Task directions:
Your job is to transcribe the material exactly. Keep every line.
[Material provided — start]
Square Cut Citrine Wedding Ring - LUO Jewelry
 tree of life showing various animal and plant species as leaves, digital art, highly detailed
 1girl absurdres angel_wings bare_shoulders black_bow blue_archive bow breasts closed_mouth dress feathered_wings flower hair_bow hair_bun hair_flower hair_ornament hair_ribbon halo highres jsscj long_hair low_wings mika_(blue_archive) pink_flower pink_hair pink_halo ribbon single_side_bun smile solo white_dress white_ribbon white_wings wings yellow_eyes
[Material provided — finish]
Result for this exercise:
Square Cut Citrine Wedding Ring - LUO Jewelry
 tree of life showing various animal and plant species as leaves, digital art, highly detailed
 1girl absurdres angel_wings bare_shoulders black_bow blue_archive bow breasts closed_mouth dress feathered_wings flower hair_bow hair_bun hair_flower hair_ornament hair_ribbon halo highres jsscj long_hair low_wings mika_(blue_archive) pink_flower pink_hair pink_halo ribbon single_side_bun smile solo white_dress white_ribbon white_wings wings yellow_eyes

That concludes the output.